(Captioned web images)
++++++

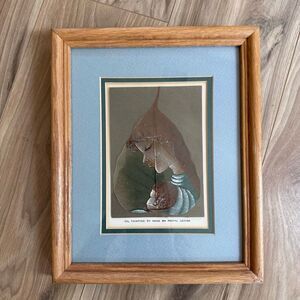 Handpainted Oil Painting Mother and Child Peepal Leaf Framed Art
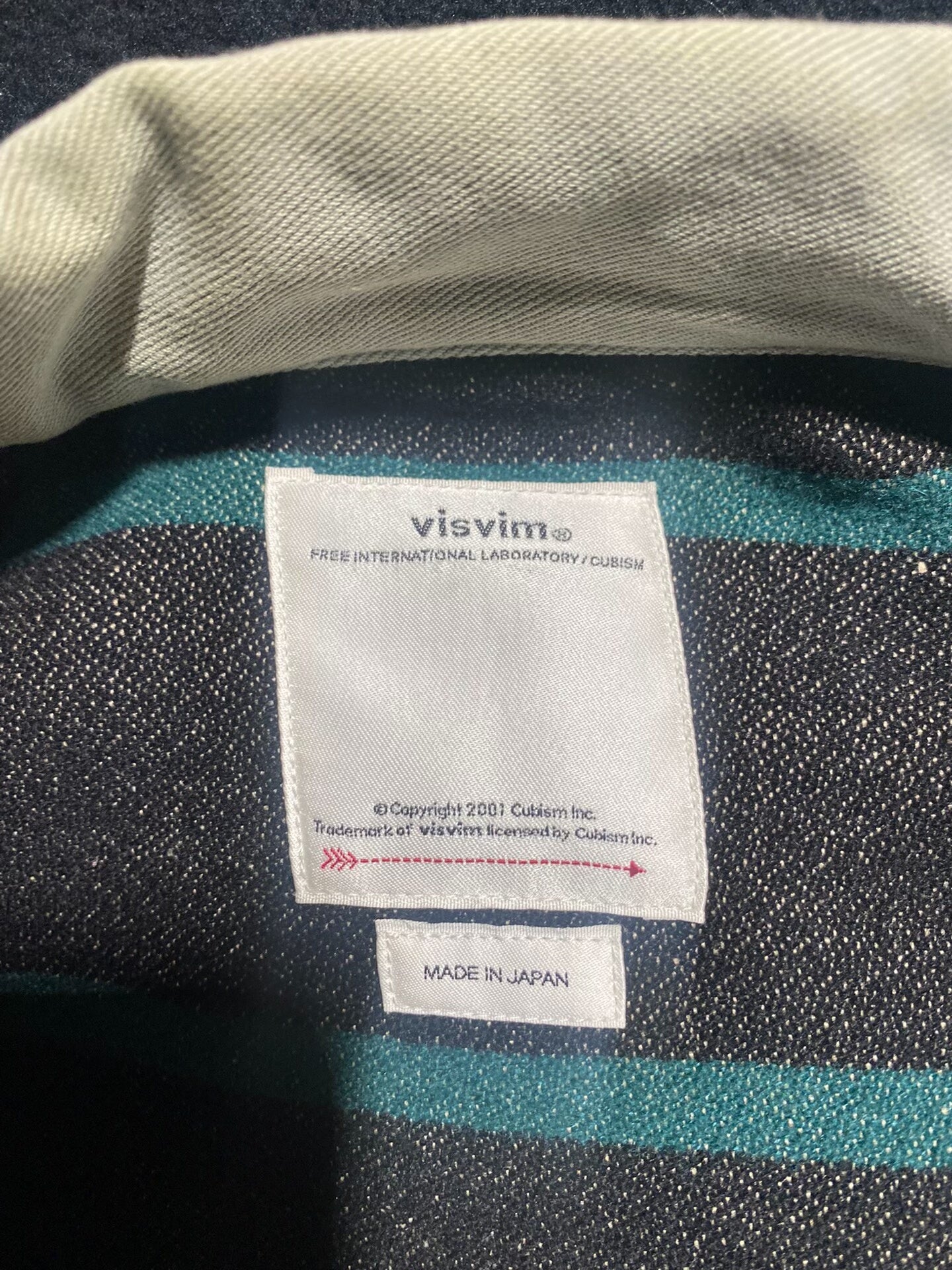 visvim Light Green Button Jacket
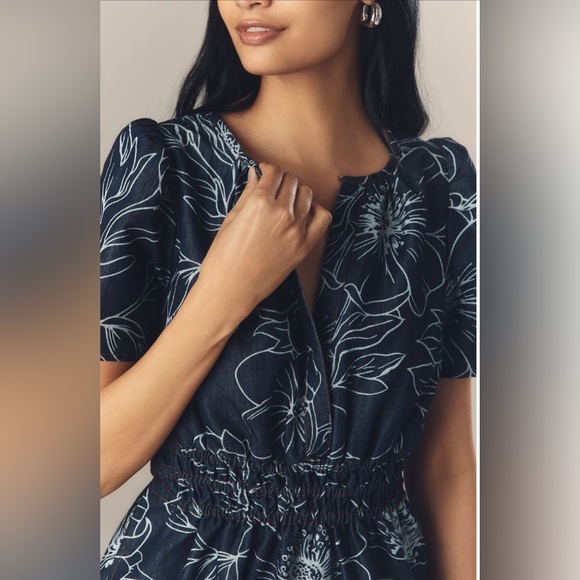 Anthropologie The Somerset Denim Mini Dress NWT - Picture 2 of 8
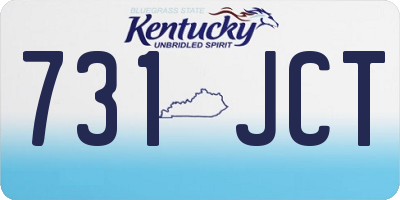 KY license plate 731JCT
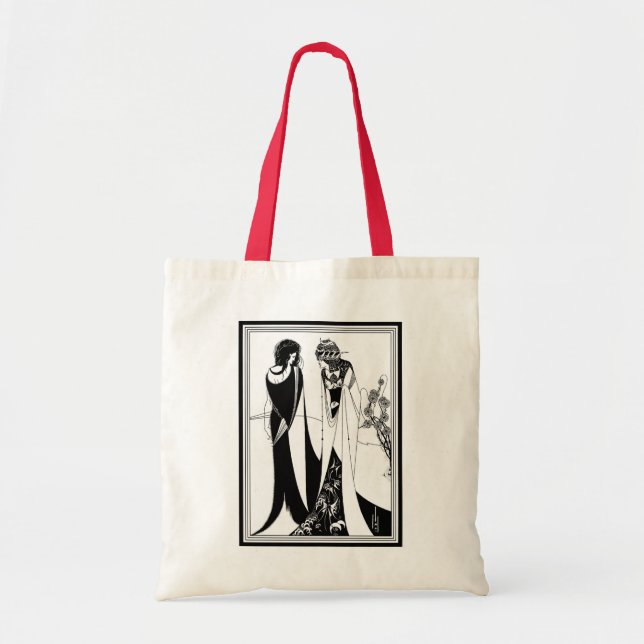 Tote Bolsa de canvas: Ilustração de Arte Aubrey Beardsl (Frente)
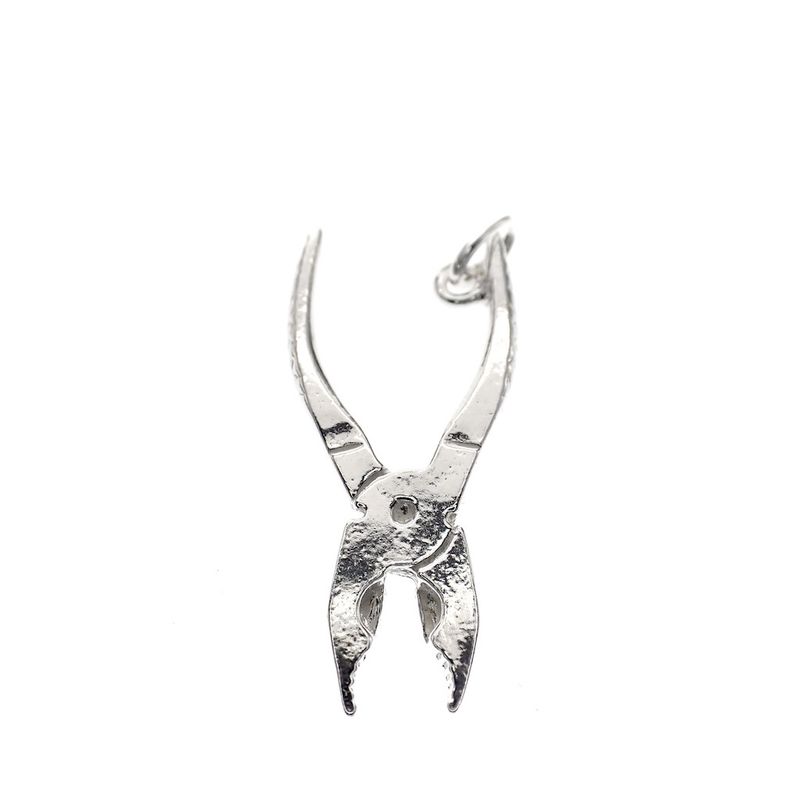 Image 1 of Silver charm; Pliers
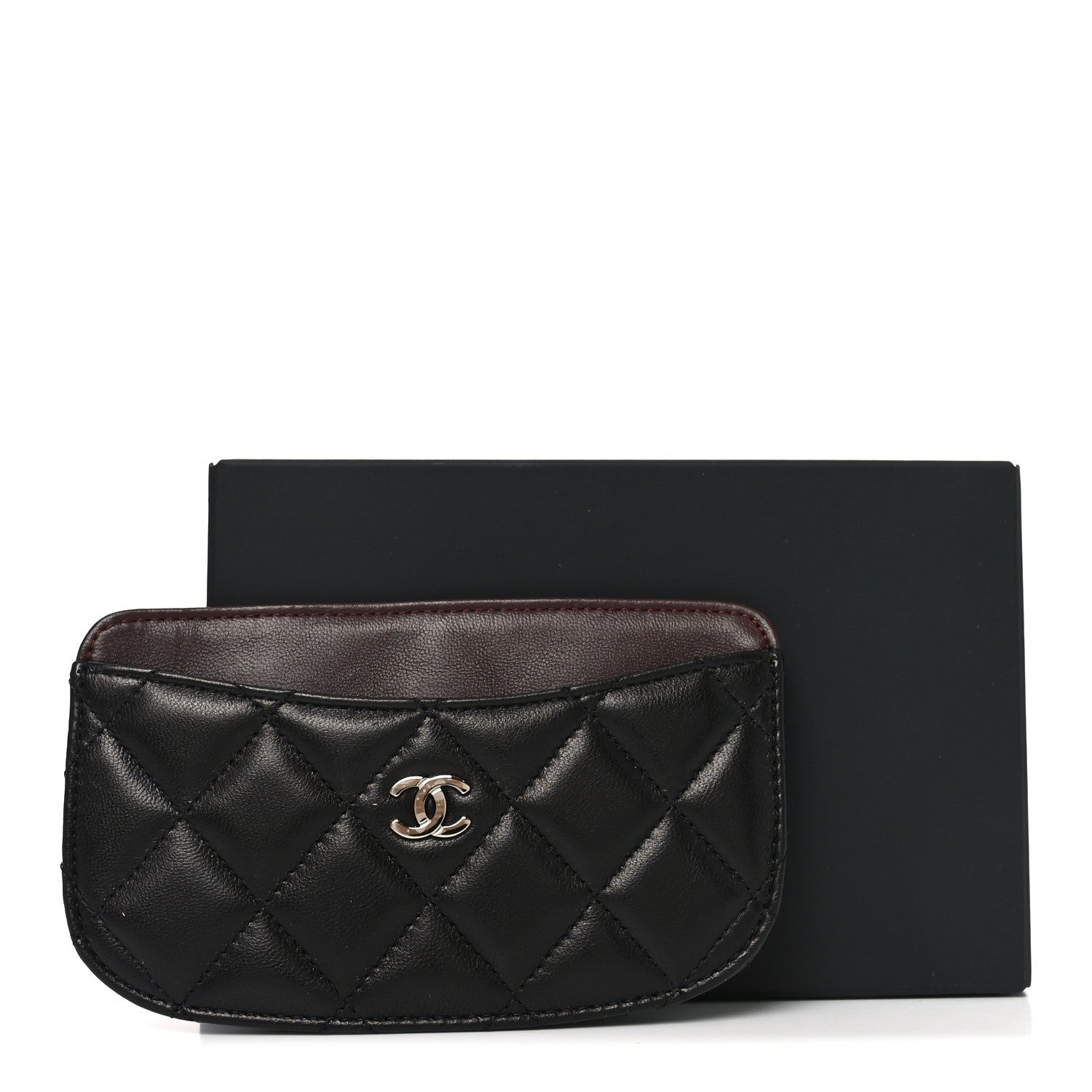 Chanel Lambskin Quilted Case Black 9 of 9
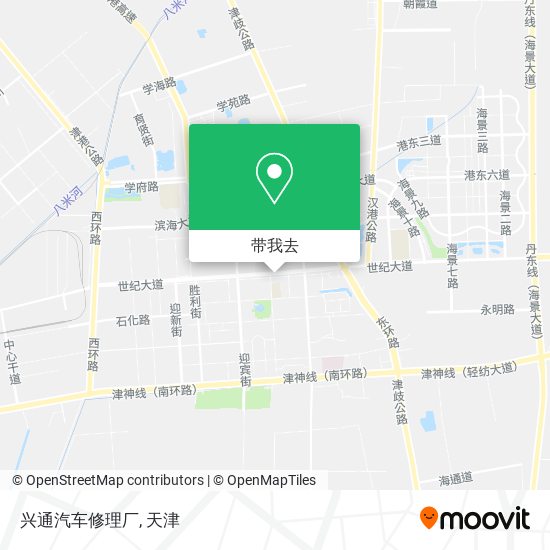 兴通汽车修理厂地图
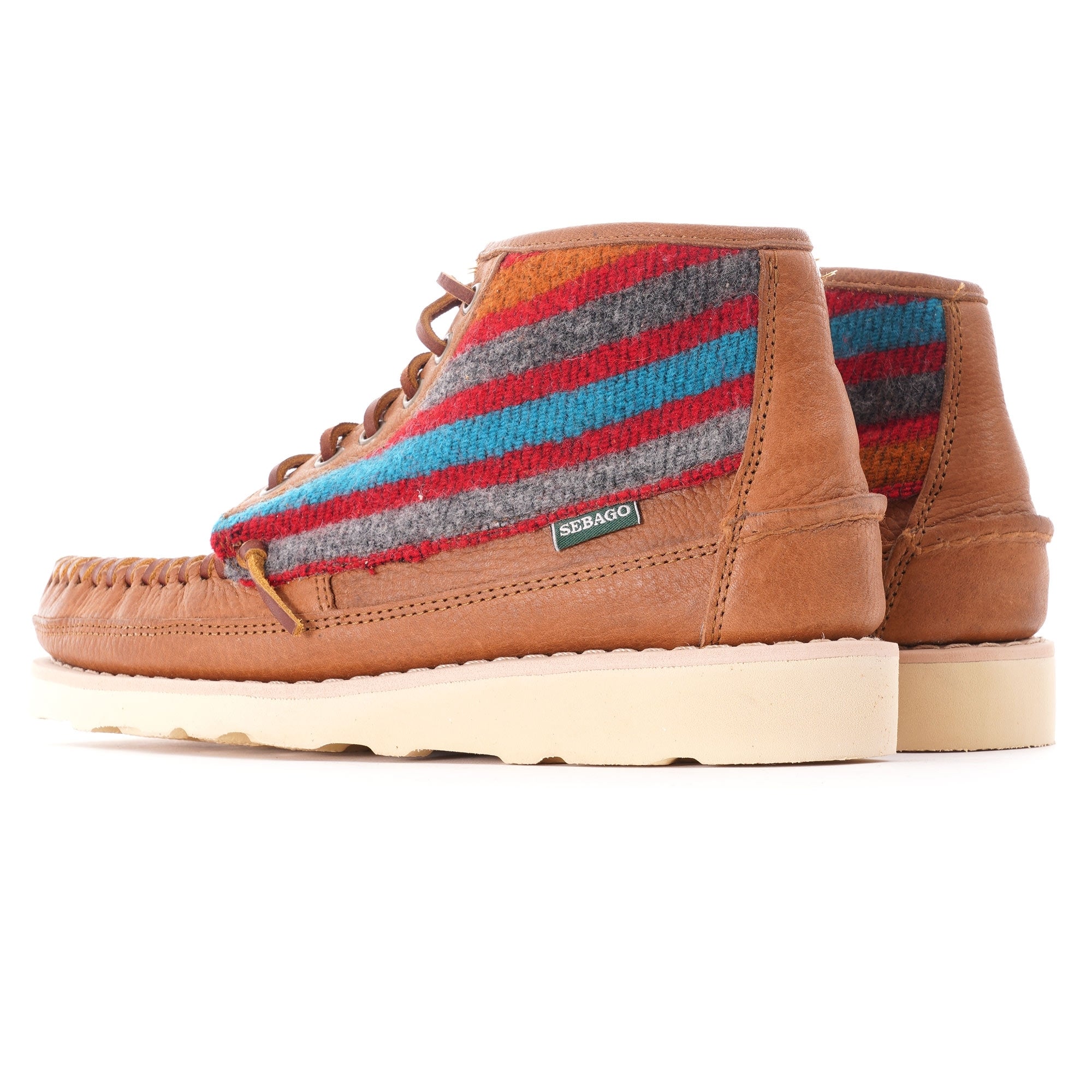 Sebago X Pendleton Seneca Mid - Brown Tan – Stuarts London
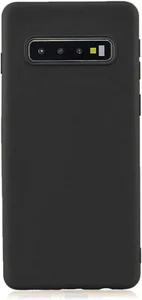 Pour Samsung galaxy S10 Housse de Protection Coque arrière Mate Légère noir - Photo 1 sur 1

++++++

Exercise description => Take the line containing "visvim Light Green Button Jacket" and all lines after it to the end of the data above, and reproduce them exactly, leaving out pictures. Nothing else belongs in the copy.

Output below =>
 visvim Light Green Button Jacket
 Anthropologie The Somerset Denim Mini Dress NWT - Picture 2 of 8
 KY license plate 731JCT
 Tote Bolsa de canvas: Ilustração de Arte Aubrey Beardsl (Frente)
 Image 1 of Silver charm; Pliers
 Chanel Lambskin Quilted Case Black 9 of 9
 兴通汽车修理厂地图
 Sebago X Pendleton Seneca Mid - Brown Tan – Stuarts London
 Pour Samsung galaxy S10 Housse de Protection Coque arrière Mate Légère noir - Photo 1 sur 1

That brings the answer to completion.